Materialists is a much bigger deal in that it has a much wider release, three A-list stars and a mainstream sheen, albeit without losing the writer-director’s integrity. While fitting within the parameters of the genre of the romantic drama – we know exactly where the plot is going – it does so with enormous flair, heart and intelligence. Dialogue this good is a rare treat at the multiplex, and it is delivered with soul-stirring sincerity by the film’s three leads. Chris Evans has never been this affecting, as John, a floppy-haired, struggling actor who has nothing that Lucy wants but who is someone she can still talk to. The new man in her life is Harry Castillo (Pedro Pascal), known in the business as ‘a unicorn’, a fantasy figure who ticks every box in the algorithm, a charming, considerate, good-looking, rich, thoughtful, politically enlightened and educated figure at about six feet (apparently, for a man, height is preternaturally important in the world of Tinder and Bumble).

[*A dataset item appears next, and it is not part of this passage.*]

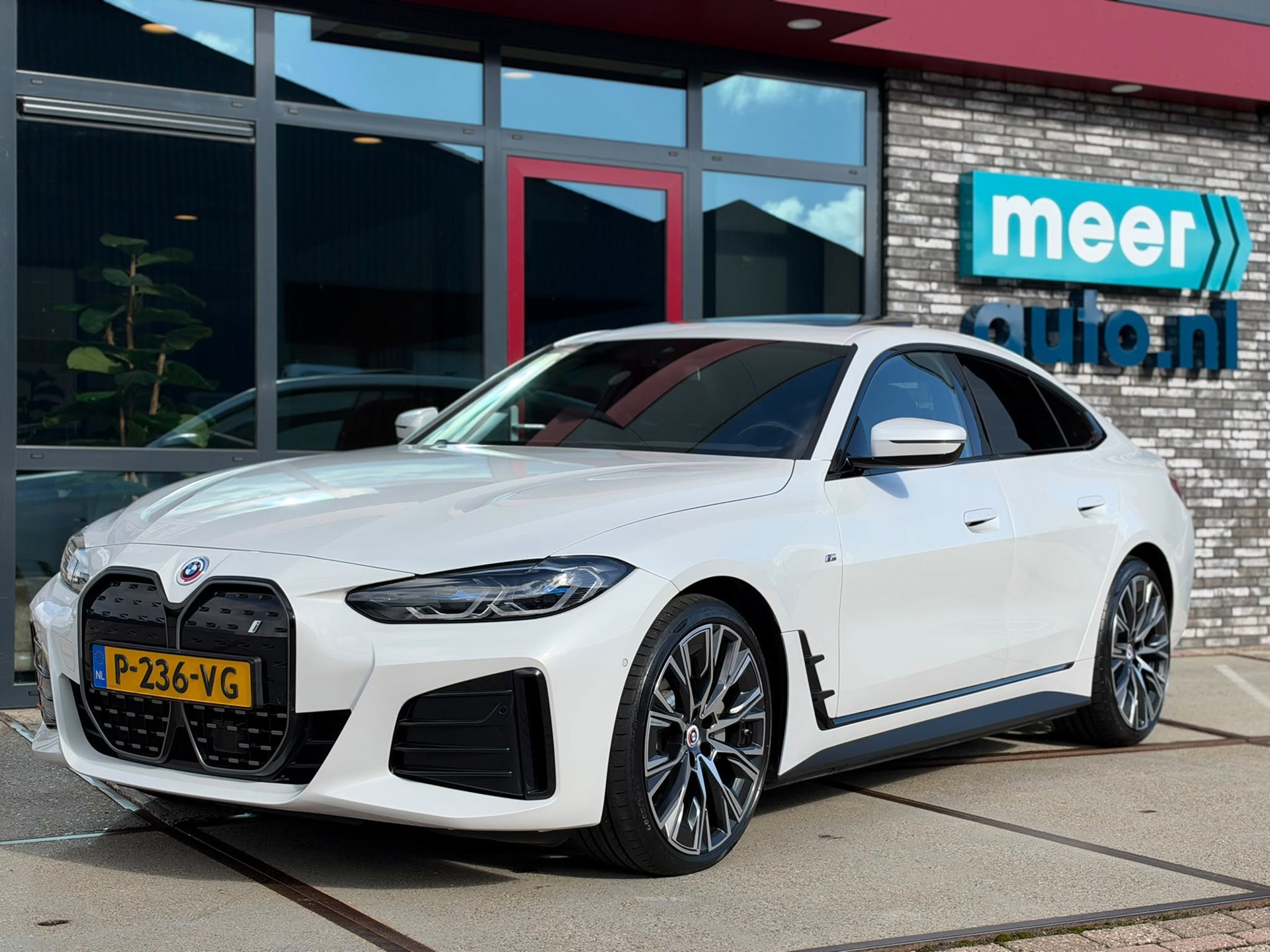 BMW I4 40 High Exec. M-SPORT SOH 96.4% (2022), foto 9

Beyond the appeal of its stinging truths, Materialists is a beautifully constructed thing. Be it the production design, the clothes, the street ambience or the choice of songs, the film is a package to die for. When John gives Lucy a lift back to her apartment, the faint grumble of his car engine speaks volumes about the state of his finances. As Lucy makes a phone call framed by Harry’s bookshelf, her backdrop is a testament to the latter’s taste and education. And, not unimportantly, Celine Song allows us to hear what her protagonists are saying, as if enunciation was a new but essential technology. After all, here are words and sentences not to be missed.
Any fears one might have had that Celine Song would trip up on her own critical success on the way to the multiplex – as was the case with the directors of the award-laden The Lives of Others and Nomadland – are unfounded. Her second film is a grown-up, elegiac, beautifully acted, thought-provoking and moving treatise on the human condition in the 21st century. Both cynical and achingly romantic, it is a comic drama that pricks the human conscience.
JAMES CAMERON-WILSON
Cast: Dakota, Johnson, Chris Evans, Pedro Pacal, Zoë Winters, Marin Ireland, Louisa Jacobson, Dasha Nekrasova, Eddie Cahill, Sawyer Spielberg, Halley Feiffer, Baby Rose, and the voice of John Magaro.
Dir Celine Song, Pro David Hinojosa, Christine Vachon, Pamela Koffler and Celine Song, Screenplay Celine Song, Ph Shabier Kirchner, Pro Des Anthony Gasparro, Ed Keith Fraase, Music Daniel Pemberton, Costumes Katina Danabassis.
2AM/Killer Films-Sony Pictures.
116 mins. USA. 2025. US Rel: 22 July 2025. UK Rel: 15 August 2025. Cert. 15.